-- The data follows --

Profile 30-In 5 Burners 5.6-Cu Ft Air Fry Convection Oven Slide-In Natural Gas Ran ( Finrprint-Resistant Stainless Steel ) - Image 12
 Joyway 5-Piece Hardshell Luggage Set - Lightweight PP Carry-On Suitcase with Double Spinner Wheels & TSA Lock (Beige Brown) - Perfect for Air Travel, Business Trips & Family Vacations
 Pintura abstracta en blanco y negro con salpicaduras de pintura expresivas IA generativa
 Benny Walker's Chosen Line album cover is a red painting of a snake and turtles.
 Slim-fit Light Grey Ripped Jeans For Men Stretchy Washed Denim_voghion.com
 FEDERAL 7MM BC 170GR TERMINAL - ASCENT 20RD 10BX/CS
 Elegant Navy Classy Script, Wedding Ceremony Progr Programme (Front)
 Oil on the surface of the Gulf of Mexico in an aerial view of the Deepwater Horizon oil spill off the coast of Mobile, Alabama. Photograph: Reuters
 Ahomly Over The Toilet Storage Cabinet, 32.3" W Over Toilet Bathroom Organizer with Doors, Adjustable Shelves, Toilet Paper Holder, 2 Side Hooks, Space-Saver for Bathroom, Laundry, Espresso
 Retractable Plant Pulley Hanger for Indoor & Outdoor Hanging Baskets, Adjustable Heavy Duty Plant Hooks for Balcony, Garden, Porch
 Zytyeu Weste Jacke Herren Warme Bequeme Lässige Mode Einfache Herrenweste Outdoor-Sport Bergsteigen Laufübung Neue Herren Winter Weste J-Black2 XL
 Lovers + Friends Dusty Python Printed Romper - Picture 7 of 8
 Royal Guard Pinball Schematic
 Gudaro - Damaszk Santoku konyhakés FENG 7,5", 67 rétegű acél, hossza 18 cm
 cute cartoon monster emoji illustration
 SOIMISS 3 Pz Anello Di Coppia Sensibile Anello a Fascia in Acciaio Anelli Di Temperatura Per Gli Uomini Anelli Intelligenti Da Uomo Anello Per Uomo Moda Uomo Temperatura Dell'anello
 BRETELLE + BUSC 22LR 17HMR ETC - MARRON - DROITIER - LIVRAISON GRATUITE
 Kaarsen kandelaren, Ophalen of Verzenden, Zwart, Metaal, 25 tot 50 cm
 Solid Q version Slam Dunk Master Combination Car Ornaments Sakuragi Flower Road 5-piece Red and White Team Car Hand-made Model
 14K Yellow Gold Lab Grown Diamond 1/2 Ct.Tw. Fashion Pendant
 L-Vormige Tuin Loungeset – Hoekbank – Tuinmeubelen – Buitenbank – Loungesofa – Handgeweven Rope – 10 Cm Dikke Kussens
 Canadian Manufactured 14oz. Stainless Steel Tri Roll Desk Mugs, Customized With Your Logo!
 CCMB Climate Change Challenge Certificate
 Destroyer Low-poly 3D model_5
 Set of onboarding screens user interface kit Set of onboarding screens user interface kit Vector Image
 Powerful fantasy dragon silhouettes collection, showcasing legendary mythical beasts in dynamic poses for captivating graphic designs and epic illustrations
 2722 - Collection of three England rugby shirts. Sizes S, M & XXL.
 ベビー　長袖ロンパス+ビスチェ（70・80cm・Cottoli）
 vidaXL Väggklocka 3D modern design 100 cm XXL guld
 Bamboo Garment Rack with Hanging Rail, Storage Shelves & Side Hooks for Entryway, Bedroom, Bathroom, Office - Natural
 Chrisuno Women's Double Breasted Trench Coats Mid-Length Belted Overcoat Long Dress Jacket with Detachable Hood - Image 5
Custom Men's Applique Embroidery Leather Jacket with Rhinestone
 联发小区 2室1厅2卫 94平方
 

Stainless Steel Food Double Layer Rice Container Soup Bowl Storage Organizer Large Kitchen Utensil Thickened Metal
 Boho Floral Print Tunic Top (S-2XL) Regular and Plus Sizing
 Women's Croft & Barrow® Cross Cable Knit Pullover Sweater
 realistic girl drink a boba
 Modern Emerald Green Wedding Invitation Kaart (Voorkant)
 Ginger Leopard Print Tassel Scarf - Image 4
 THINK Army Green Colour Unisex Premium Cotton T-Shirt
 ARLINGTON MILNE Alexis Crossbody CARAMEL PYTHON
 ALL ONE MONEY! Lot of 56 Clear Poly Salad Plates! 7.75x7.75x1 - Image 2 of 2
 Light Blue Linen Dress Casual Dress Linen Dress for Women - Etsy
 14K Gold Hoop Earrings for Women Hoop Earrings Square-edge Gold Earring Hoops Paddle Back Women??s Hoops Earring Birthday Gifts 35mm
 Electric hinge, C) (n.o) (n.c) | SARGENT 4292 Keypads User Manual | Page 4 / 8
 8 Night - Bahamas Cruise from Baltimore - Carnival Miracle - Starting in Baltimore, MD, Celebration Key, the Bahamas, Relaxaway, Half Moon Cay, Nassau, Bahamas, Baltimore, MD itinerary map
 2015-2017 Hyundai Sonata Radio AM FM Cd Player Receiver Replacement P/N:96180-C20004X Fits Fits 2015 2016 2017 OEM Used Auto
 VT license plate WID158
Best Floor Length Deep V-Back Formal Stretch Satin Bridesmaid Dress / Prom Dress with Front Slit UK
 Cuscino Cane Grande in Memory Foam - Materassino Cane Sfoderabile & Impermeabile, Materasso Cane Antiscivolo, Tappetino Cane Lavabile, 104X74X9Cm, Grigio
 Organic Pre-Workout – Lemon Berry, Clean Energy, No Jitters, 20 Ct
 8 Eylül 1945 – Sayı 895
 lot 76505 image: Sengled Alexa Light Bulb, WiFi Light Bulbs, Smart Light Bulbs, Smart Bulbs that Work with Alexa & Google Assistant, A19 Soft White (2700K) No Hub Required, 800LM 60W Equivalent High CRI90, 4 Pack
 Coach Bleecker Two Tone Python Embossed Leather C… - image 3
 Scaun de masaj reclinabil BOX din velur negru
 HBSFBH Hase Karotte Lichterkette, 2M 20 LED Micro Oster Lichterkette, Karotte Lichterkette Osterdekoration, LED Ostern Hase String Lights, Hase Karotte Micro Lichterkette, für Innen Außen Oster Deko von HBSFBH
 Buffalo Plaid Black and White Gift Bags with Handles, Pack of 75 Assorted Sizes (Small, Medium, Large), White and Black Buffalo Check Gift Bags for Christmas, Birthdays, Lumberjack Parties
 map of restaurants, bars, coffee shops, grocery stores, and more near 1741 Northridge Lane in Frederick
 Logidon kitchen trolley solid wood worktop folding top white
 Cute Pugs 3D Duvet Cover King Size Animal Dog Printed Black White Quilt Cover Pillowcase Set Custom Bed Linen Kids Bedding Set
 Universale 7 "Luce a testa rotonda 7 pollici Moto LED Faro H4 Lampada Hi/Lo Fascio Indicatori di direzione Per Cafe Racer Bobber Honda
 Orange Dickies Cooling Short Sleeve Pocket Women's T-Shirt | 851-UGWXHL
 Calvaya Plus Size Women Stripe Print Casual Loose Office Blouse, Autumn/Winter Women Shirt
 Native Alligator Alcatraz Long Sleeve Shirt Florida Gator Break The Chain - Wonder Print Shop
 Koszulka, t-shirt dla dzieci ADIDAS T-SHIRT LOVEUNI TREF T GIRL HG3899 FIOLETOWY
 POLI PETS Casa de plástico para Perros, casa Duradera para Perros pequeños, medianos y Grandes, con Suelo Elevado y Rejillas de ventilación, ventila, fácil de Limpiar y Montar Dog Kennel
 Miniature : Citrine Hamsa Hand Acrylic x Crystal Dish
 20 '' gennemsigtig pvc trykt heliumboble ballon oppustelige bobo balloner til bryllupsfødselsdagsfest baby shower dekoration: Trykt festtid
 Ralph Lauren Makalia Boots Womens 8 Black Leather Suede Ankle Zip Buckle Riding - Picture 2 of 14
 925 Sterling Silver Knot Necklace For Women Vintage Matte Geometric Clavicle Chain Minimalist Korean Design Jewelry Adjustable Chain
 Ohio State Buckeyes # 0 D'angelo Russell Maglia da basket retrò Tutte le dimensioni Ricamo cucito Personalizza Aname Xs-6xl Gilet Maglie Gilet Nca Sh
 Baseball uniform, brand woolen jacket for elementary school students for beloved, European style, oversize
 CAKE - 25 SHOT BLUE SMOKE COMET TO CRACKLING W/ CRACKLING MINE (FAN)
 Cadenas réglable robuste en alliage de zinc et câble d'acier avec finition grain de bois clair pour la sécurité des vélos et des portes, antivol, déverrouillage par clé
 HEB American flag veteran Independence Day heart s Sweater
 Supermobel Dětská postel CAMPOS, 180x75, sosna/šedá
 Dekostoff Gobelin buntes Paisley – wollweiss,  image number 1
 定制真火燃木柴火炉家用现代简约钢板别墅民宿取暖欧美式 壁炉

-- The data concluded --

What is needed: Your answer should consist of the lines from the line with "VT license plate WID158" to the line with "Cute Pugs 3D" above, repeated exactly, both ends included.

Result of the task:
 VT license plate WID158
Best Floor Length Deep V-Back Formal Stretch Satin Bridesmaid Dress / Prom Dress with Front Slit UK
 Cuscino Cane Grande in Memory Foam - Materassino Cane Sfoderabile & Impermeabile, Materasso Cane Antiscivolo, Tappetino Cane Lavabile, 104X74X9Cm, Grigio
 Organic Pre-Workout – Lemon Berry, Clean Energy, No Jitters, 20 Ct
 8 Eylül 1945 – Sayı 895
 lot 76505 image: Sengled Alexa Light Bulb, WiFi Light Bulbs, Smart Light Bulbs, Smart Bulbs that Work with Alexa & Google Assistant, A19 Soft White (2700K) No Hub Required, 800LM 60W Equivalent High CRI90, 4 Pack
 Coach Bleecker Two Tone Python Embossed Leather C… - image 3
 Scaun de masaj reclinabil BOX din velur negru
 HBSFBH Hase Karotte Lichterkette, 2M 20 LED Micro Oster Lichterkette, Karotte Lichterkette Osterdekoration, LED Ostern Hase String Lights, Hase Karotte Micro Lichterkette, für Innen Außen Oster Deko von HBSFBH
 Buffalo Plaid Black and White Gift Bags with Handles, Pack of 75 Assorted Sizes (Small, Medium, Large), White and Black Buffalo Check Gift Bags for Christmas, Birthdays, Lumberjack Parties
 map of restaurants, bars, coffee shops, grocery stores, and more near 1741 Northridge Lane in Frederick
 Logidon kitchen trolley solid wood worktop folding top white
 Cute Pugs 3D Duvet Cover King Size Animal Dog Printed Black White Quilt Cover Pillowcase Set Custom Bed Linen Kids Bedding Set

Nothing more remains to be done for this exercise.